Task:
Quote, exactly, the line holding "Doofenshmirtz Beats Roger" and all lines after it to the end of the records below. Exclude pictures.

Material shown:
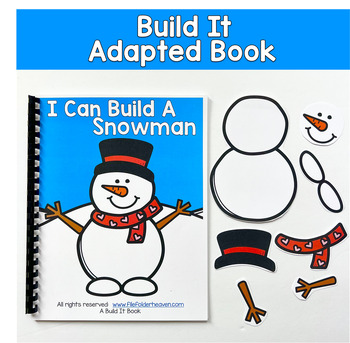 Winter Build A Snowman Adapted Book | Following Directions | Special Education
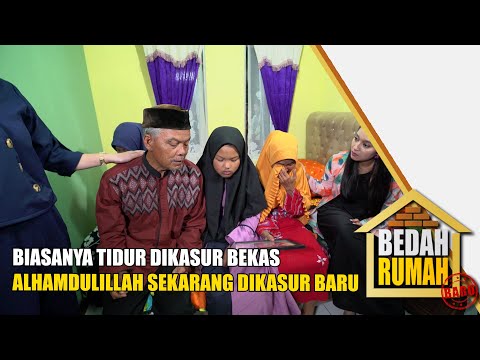 Biasanya Tidur Pake Kasur Bekas Alhamdulillah Sekarang Punya Kasur Baru | Bedah Rumah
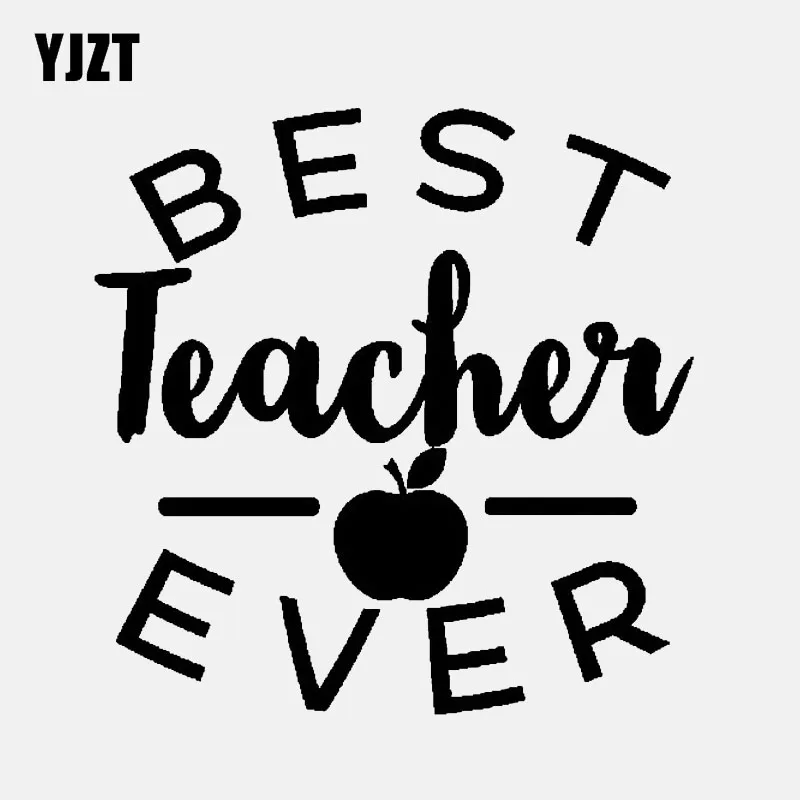 YJZT 12.6CM*12.7CM Fun Best Teacher Ever Black Silver Vinyl Car Window Sticker Decal C11-2053
YJZT 12.6CM*12.7CM Fun Best Teacher Ever Black Silver Vinyl Car Window Sticker Decal C11-2053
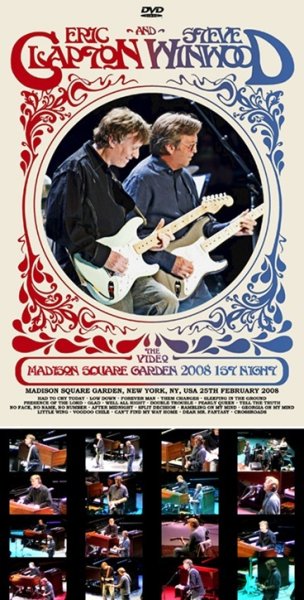 Photo1: ERIC CLAPTON & STEVE WINWOOD - MADISON SQUARE GARDEN 2008 1ST NIGHT: THE VIDEO 2DVDR [Uxbridge 2758] (1)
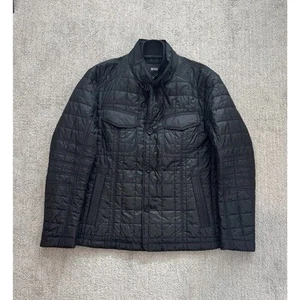 Black Hugo Boss Camay4 Puffer Buttoned Jacket Perfect Condition Size XL - Picture 1 of 7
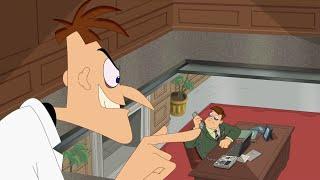 Doofenshmirtz Beats Roger To It  - Finally looks down on his brother -  Phineas and Ferb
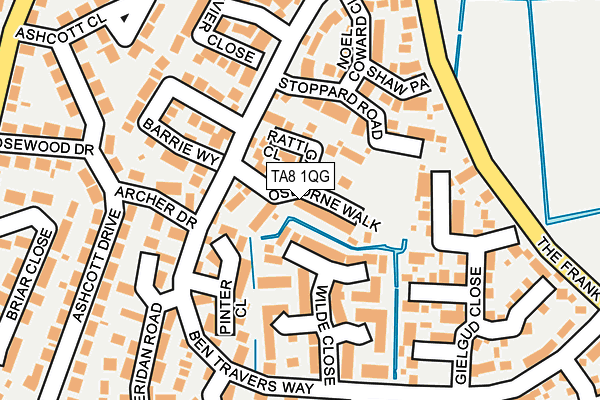 TA8 1QG map - OS OpenMap – Local (Ordnance Survey) TA8 1QG map - OS OpenMap – Local (Ordnance Survey)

Task response:
 Doofenshmirtz Beats Roger To It  - Finally looks down on his brother -  Phineas and Ferb
 TA8 1QG map - OS OpenMap – Local (Ordnance Survey) TA8 1QG map - OS OpenMap – Local (Ordnance Survey)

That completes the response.